The shop you would buy cards from in the original game is gone.  Now you get all your cards from Grandpa Mutou’s shop.  Apparently gramps looked at the people selling Metal Gear Solid: The Twin Snakes and Clock Tower 2 for hundreds of dollars and thought they were brilliant businesspeople rather than worthless dregs of society that should be beaten within an inch of their life and forced to watch someone play the games right in front of them.  All the cards in the shop are at insanely high prices and every means of getting money, be it through selling cards or winning duels, gives out a pittance.  In my playthrough I maybe got 4 cards from him for the entire game so players have to be selective.

As badly designed as it is, having unlimited deck capacity and duelist level mitigates the need for his shop in the first place.  With the cheats, as long as you’re anteing good enough cards, you’ll walk away from duels with solid cards that you can immediately upgrade your deck with.  Without the cheats, the card shop is needed because all the good cards from winning duels can’t be used and you have to go buy something you can use and that means more grinding.  Play with cheats.  If you want you can use the cheat to get every card.  I already explained why I won’t do that, but I won’t discourage it for Reshef of Destruction.
Imagine dealing with a powerful multiplying monster with no cheats!
The other major sore point for people is the field scanning.  Reshef of Destruction adds continuous effects to the gameplay and even though Eternal Duelist Soul had no problem implementing them, Reshef of Destruction went about it in the most cockamamie way I can think of.
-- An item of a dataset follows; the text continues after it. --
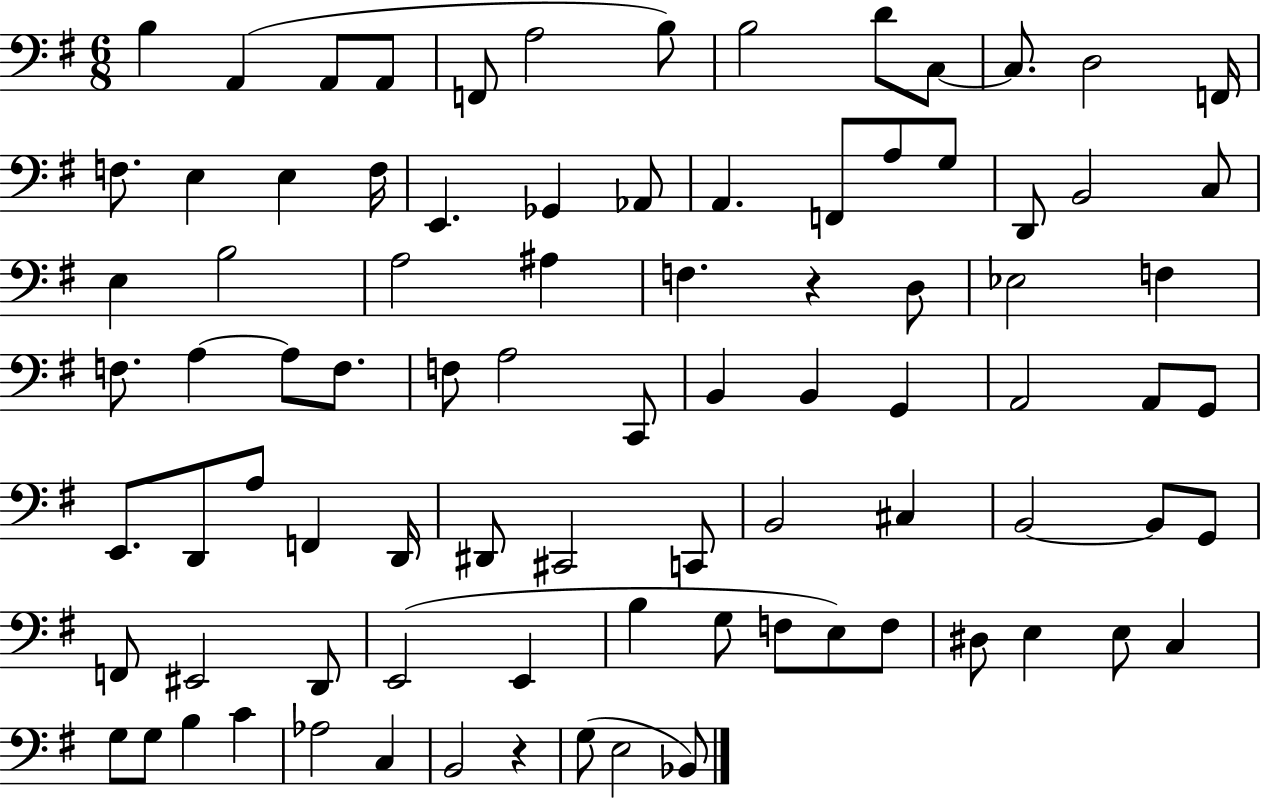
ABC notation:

Every single time a move is done, every card play, every attack, every card face down and every effect activated, makes the game take a third of a second to scan the field just in case there’s a continuous effect.  Then, if there’s a monster with a continuous effect on the field, a text box comes up to declare the monster’s continuous effect each and every time it scans.
Yes, it’s horrible game design and whoever thought it was a good idea should be put in a bedlam house, but I think how bad it is has been overstated.  Continuous effect monsters aren’t common and the game does everything so fast otherwise that the field scan doesn’t slow it down enough to be painful.  It still plays faster than the first Dark Duel Stories, that’s for sure.
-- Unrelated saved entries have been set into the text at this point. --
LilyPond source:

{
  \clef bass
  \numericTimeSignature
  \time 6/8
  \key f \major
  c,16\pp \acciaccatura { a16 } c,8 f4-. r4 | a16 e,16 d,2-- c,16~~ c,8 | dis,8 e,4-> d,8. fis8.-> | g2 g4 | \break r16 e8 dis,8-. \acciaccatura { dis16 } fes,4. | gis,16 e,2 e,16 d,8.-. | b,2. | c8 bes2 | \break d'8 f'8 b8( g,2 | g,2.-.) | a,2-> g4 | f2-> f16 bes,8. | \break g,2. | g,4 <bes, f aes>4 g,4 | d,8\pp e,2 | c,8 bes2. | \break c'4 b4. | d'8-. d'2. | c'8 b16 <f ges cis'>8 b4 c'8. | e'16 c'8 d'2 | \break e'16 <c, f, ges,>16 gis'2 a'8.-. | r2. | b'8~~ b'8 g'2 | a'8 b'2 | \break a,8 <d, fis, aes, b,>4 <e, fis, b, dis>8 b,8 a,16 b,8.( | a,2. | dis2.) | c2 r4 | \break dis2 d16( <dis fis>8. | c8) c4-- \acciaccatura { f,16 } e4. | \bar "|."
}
I think the field scan was a big problem before because the grinding meant a lot of duels and when you’re forced to duel and just want to get it out of the way, anything slowing down the process is made a hundred times worse.  It doesn’t help that one of the borderline required tactics without the cheats is to use Mammoth Graveyard, which has a continuous effect.  Slifer has one too, but if you got out a monster with no affinity weakness that can get 9999 attack points, that duel is about to end unless you drag it out like the guy in the video above.

There’s also the matter of life points carrying over between duels and forcing the player to travel all the way back to their room to save and restore them.  I should point out that this is a short jog away for the player even if they’re in China or the Galapogos.  It’s the miracle of a world map screen.  I was constantly going back to the bedroom to save in Sacred Cards anyway and the running speed is fast enough that it only takes a few seconds.  The few times you’re forced to duel multiple times with no healing can be helped with the save states.

Much like Capsule Monsters GB, it might come off as discouraging that Reshef of Destruction is only enjoyable with cheats, but there’s a good game in here when its critical failing is stripped away.  Up until the final boss, anyway.  That’s a load of bullshit whether you cheat or not.
 
All three games this time are good enough to contribute to the Early Days Collection’s value, even if one of them needs cheats to be any good.  The final few games are where they begin to settle into being mostly yearly installments with updated card pools, albeit with one more oddball game thrown in.